Start of Listed records
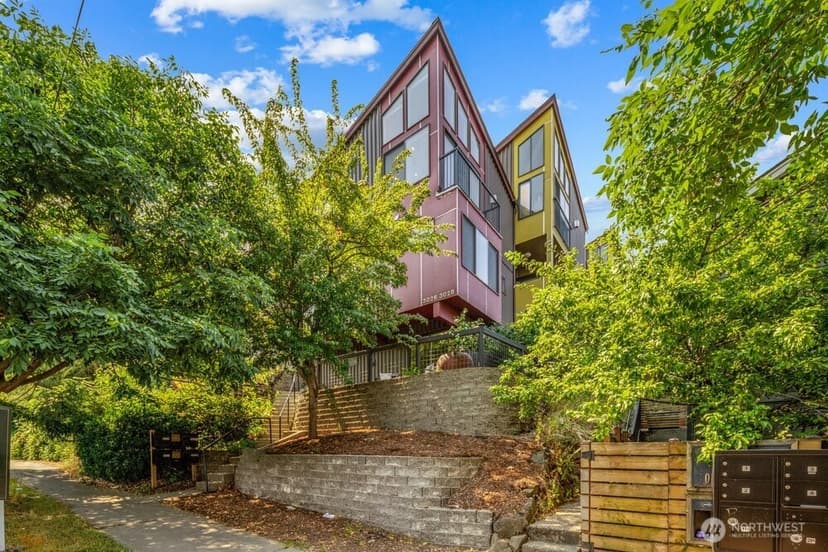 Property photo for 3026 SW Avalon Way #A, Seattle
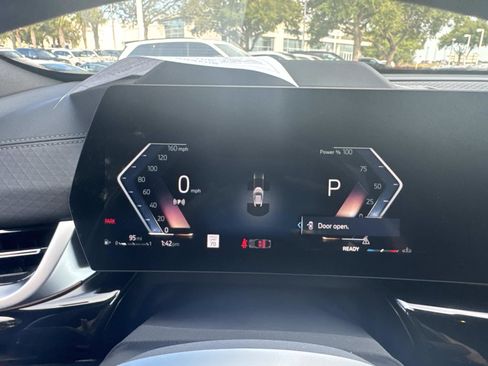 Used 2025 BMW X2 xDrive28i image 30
End of Listed records
Start of Listed records
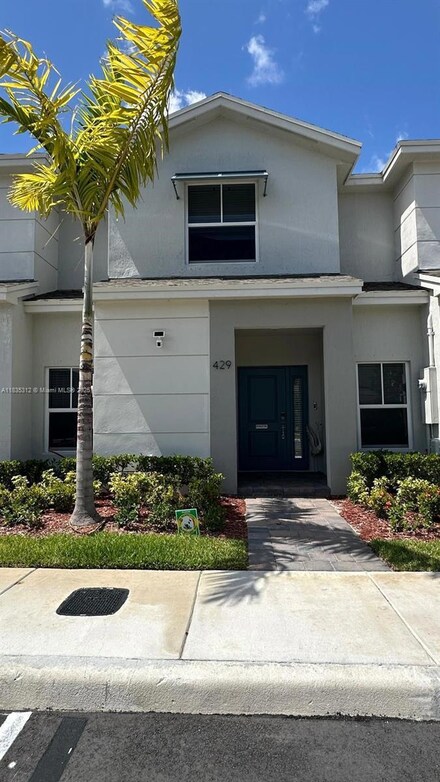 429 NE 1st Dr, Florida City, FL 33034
End of Listed records
Your instructions. Reproduce exactly, with no pictures, the lines above from the one holding "Property photo for" to the one holding "Used 2025 BMW X2 xDrive28i image 30", inclusive.

Answer for the task.
 Property photo for 3026 SW Avalon Way #A, Seattle
 Used 2025 BMW X2 xDrive28i image 30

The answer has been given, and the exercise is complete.